Larker and Tayan Re-Discover the Governance Wheel

Stanford’s David F. Larcker and Brian Tayan have a new paper called Loosey-Goosey Governance: Four Misunderstood Terms in Corporate Governance in which they appear to think they’ve discovered what everyone has understood forever — that there are limits to structural solutions and that checklists of best practices are not especially helpful.

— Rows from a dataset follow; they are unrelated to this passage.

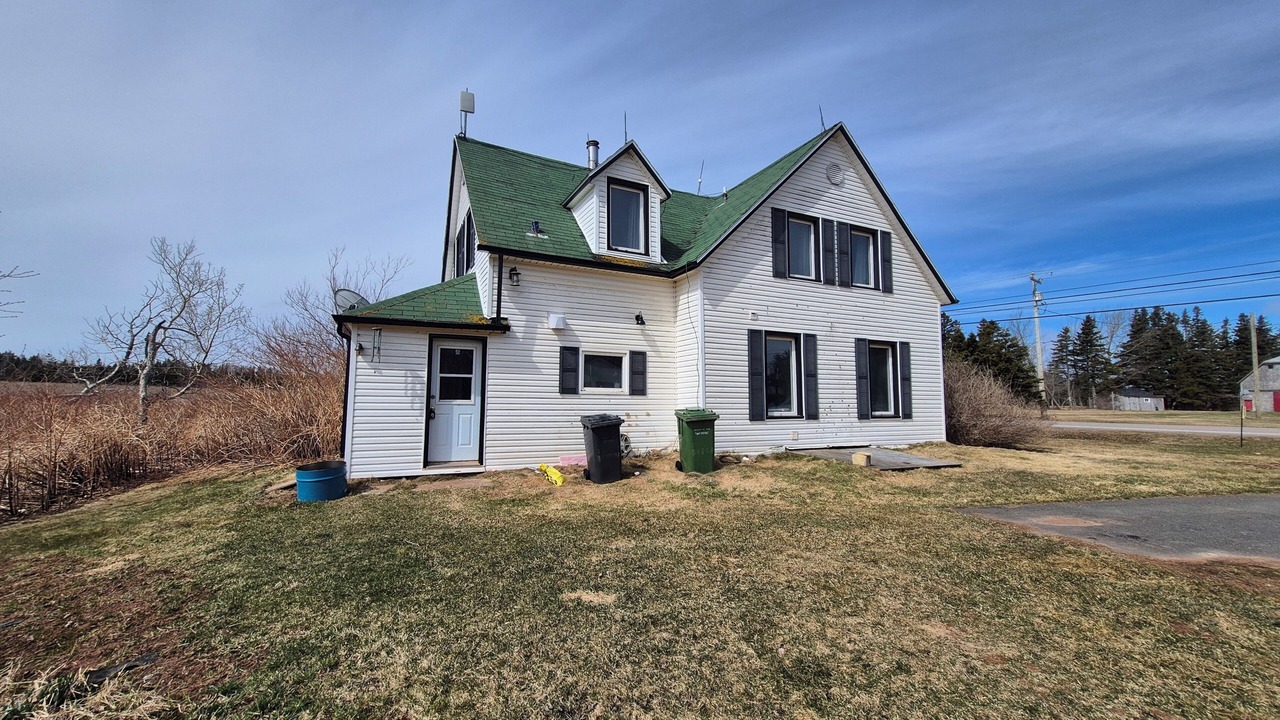 Photo of Outdoor in Red Point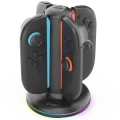 ipega-sw2052-charger-dock-rgb-for-joycon-nintendo-switch-2-black-02.jpg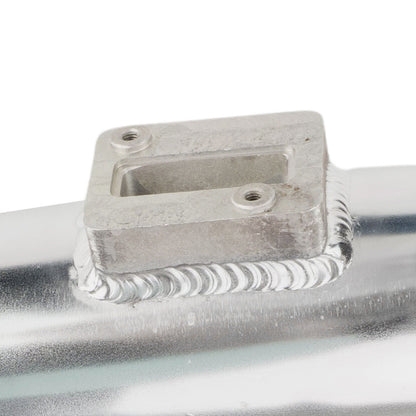 Cold Air Intake for Nissan Altima (2007-2012) SE with 3.5L V6 Engine Red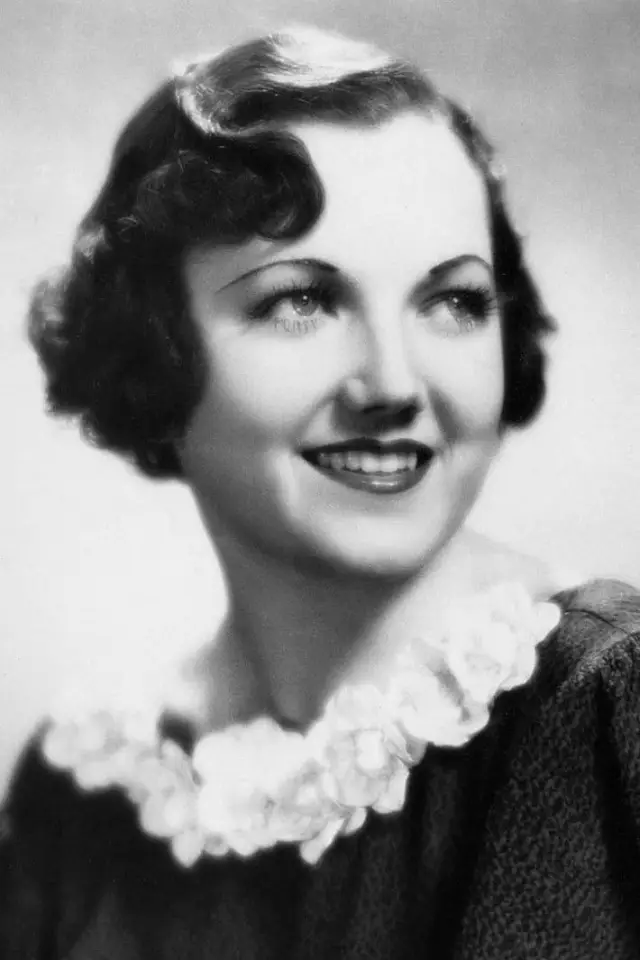 Zdjęcie  (Lois January)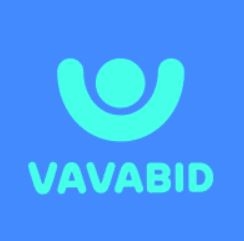 VAVABID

We were very clear about this when we founded The Corporate Library in 2000 (later GMI and now a part of MSCI). Our ratings of boards were not based on what they said they did or on “resume independence” but on the quality of the decisions they made, especially in those areas where there were potential conflicts of interest between management and shareholders. For example, managers, including CEOs, would like less risk and volatility in their incentive compensation, while investors would like a tighter link between pay and performance. If conflicts like those were not resolved in favor of investors, the board got a lower rating. Over time, our ability to find indicators of litigation risk, liability risk, and investment risk were so reliable that we were able to meet the ultimate market test of providing the ratings to D&O liability insurers as well as institutional investors.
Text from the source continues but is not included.